• _YOUR INSTRUCTIONS_: Begin with the line where "Saunaaufguss limette in" appears. Set down that line and the rest of the records below it exactly as given.

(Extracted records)

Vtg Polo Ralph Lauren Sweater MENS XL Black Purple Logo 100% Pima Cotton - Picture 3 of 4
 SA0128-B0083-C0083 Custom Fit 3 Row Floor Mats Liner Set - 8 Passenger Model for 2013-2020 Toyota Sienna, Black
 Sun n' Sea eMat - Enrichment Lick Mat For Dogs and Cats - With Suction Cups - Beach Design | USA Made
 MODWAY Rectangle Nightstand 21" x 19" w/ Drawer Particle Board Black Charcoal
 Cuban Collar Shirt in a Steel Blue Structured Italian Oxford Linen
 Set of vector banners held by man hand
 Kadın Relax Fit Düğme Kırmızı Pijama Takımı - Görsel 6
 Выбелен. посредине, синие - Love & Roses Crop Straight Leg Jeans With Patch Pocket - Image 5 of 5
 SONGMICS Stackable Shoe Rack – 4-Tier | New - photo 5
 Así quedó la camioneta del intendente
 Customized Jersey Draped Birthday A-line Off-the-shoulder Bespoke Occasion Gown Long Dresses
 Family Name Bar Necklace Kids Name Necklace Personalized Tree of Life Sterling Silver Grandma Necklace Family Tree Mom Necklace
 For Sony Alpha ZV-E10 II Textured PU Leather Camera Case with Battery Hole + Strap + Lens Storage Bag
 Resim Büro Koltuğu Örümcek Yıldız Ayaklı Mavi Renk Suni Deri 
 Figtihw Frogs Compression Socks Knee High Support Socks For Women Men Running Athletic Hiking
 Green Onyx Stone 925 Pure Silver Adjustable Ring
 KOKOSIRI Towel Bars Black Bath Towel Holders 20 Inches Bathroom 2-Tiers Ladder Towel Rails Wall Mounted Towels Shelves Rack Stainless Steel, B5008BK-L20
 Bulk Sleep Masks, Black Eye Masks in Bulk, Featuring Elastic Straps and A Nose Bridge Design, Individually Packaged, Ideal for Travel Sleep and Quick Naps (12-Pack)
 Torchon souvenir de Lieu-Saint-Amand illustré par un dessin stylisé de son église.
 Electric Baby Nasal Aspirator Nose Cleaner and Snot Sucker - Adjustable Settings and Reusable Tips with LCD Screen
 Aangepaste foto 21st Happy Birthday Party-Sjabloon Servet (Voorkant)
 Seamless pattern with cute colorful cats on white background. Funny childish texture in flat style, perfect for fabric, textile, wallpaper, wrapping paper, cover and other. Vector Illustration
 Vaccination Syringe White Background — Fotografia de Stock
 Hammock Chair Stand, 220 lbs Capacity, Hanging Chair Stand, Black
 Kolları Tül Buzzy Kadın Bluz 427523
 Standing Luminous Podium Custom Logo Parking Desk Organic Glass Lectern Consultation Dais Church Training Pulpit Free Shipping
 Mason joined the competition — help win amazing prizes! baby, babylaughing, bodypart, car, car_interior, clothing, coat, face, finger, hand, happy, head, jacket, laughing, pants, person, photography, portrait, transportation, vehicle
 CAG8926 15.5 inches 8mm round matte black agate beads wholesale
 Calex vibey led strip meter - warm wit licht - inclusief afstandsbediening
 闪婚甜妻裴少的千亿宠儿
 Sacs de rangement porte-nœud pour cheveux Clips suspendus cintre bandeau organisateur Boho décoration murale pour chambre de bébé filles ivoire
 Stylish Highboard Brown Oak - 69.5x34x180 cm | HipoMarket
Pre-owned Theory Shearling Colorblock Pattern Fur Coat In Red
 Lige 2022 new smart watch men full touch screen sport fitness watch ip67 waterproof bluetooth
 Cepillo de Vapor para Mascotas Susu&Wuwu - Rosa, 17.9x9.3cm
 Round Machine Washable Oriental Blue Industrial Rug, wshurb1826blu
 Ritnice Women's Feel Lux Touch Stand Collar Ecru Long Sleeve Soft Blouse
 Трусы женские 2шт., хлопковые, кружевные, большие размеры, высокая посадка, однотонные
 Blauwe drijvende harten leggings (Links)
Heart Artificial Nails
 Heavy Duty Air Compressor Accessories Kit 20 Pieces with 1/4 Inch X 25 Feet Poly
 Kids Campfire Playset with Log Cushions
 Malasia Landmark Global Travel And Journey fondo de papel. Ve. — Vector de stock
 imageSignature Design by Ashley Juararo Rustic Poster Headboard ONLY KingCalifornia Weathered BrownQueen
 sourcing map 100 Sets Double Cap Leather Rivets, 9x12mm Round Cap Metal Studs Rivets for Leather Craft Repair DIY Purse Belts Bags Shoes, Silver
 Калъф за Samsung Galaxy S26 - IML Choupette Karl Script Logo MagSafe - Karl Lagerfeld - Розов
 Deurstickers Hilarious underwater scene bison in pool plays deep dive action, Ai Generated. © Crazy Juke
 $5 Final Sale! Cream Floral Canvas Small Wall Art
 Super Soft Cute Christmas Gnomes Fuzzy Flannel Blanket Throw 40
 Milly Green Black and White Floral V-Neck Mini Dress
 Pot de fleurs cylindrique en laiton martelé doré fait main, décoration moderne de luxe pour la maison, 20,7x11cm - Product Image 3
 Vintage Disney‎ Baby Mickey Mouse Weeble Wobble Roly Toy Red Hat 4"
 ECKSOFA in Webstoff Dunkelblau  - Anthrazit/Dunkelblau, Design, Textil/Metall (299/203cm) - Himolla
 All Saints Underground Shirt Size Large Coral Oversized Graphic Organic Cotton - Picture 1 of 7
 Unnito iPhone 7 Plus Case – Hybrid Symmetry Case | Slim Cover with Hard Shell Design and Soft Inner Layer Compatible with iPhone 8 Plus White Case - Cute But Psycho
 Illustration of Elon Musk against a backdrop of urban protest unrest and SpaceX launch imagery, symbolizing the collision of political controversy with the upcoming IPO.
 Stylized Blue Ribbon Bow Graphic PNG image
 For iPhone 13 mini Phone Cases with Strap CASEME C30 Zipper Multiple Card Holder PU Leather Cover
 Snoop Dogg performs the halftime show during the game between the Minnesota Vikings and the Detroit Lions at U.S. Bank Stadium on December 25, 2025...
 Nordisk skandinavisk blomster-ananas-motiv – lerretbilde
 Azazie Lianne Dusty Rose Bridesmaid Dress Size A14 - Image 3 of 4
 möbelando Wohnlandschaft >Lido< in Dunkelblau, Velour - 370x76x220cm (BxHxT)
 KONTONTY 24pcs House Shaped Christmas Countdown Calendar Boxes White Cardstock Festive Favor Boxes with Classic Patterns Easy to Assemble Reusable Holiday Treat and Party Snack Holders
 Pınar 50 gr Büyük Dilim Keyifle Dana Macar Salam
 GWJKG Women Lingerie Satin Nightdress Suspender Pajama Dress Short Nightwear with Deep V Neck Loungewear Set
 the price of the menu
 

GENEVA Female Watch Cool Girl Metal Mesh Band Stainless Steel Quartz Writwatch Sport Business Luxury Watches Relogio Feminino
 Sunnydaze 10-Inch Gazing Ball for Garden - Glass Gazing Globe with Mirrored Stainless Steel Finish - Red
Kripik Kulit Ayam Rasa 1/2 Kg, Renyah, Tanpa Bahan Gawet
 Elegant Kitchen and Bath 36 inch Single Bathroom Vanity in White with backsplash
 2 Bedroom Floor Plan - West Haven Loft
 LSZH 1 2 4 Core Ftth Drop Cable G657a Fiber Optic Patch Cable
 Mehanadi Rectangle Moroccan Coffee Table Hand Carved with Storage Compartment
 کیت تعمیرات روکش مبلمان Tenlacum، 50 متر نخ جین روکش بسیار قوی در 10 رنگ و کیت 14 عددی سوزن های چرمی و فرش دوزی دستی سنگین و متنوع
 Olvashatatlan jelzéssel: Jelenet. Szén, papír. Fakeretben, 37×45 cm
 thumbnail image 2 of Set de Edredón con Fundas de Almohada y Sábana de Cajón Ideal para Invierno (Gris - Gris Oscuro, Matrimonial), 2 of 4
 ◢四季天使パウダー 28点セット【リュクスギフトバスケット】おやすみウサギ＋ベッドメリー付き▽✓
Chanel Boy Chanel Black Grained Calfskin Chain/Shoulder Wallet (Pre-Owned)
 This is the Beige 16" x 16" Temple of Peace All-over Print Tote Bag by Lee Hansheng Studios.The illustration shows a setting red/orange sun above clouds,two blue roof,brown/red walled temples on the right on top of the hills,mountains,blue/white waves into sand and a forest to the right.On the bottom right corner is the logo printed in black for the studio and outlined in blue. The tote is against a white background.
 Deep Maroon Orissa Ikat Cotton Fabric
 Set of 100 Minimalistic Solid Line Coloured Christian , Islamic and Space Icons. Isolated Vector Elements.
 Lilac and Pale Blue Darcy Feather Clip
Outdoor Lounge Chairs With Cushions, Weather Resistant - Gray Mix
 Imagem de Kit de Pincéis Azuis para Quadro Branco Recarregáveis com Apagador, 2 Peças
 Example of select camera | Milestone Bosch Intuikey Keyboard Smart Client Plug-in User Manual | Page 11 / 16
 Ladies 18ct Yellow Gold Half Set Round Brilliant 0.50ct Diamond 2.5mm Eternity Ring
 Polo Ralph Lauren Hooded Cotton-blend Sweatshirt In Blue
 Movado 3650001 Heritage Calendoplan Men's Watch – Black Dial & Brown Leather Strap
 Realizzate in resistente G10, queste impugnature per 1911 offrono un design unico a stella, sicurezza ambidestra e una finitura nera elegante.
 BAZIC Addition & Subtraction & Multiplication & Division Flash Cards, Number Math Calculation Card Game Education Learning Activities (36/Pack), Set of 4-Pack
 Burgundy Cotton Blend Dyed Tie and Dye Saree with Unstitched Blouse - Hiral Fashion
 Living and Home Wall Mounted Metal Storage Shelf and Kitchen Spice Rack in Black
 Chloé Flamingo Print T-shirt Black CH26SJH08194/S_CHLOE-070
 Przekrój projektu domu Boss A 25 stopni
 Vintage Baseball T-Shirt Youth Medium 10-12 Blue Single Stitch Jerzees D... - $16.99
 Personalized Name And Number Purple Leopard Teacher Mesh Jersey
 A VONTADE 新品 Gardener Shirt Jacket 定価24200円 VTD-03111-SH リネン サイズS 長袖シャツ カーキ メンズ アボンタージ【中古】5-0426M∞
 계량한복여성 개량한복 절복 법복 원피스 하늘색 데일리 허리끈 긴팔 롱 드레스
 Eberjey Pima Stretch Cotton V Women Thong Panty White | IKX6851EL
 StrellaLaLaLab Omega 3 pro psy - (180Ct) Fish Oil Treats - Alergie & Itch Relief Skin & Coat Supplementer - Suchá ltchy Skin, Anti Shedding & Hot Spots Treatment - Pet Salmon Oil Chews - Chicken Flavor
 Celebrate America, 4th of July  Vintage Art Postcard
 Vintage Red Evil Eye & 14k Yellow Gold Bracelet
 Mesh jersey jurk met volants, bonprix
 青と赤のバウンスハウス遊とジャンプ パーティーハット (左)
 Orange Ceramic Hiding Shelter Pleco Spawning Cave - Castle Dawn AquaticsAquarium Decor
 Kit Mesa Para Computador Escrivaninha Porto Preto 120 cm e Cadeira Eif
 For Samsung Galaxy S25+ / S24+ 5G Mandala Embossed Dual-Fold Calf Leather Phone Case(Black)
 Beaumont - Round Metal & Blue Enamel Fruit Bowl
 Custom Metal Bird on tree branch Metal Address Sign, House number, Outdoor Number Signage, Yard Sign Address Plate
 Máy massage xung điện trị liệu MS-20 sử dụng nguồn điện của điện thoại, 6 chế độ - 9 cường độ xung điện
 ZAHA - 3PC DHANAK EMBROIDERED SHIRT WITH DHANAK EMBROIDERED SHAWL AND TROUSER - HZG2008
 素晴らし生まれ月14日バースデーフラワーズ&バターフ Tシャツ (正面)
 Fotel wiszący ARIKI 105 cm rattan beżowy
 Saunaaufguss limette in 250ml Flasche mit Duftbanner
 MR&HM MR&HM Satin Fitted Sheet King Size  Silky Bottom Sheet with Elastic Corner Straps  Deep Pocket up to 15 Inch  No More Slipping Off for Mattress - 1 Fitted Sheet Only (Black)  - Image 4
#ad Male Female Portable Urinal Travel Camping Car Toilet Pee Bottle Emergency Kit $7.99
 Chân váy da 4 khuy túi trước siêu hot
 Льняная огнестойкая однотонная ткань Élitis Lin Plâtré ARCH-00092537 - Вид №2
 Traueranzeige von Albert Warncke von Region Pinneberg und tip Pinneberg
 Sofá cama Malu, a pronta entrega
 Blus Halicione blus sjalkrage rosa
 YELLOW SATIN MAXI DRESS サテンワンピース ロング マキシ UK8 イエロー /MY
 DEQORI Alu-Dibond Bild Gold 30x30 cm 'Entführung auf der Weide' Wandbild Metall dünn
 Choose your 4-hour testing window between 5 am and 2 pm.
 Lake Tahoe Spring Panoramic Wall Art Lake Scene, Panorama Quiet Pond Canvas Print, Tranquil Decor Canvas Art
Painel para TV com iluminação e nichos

• _EXERCISE RESULT_:
 Saunaaufguss limette in 250ml Flasche mit Duftbanner
 MR&HM MR&HM Satin Fitted Sheet King Size  Silky Bottom Sheet with Elastic Corner Straps  Deep Pocket up to 15 Inch  No More Slipping Off for Mattress - 1 Fitted Sheet Only (Black)  - Image 4
#ad Male Female Portable Urinal Travel Camping Car Toilet Pee Bottle Emergency Kit $7.99
 Chân váy da 4 khuy túi trước siêu hot
 Льняная огнестойкая однотонная ткань Élitis Lin Plâtré ARCH-00092537 - Вид №2
 Traueranzeige von Albert Warncke von Region Pinneberg und tip Pinneberg
 Sofá cama Malu, a pronta entrega
 Blus Halicione blus sjalkrage rosa
 YELLOW SATIN MAXI DRESS サテンワンピース ロング マキシ UK8 イエロー /MY
 DEQORI Alu-Dibond Bild Gold 30x30 cm 'Entführung auf der Weide' Wandbild Metall dünn
 Choose your 4-hour testing window between 5 am and 2 pm.
 Lake Tahoe Spring Panoramic Wall Art Lake Scene, Panorama Quiet Pond Canvas Print, Tranquil Decor Canvas Art
Painel para TV com iluminação e nichos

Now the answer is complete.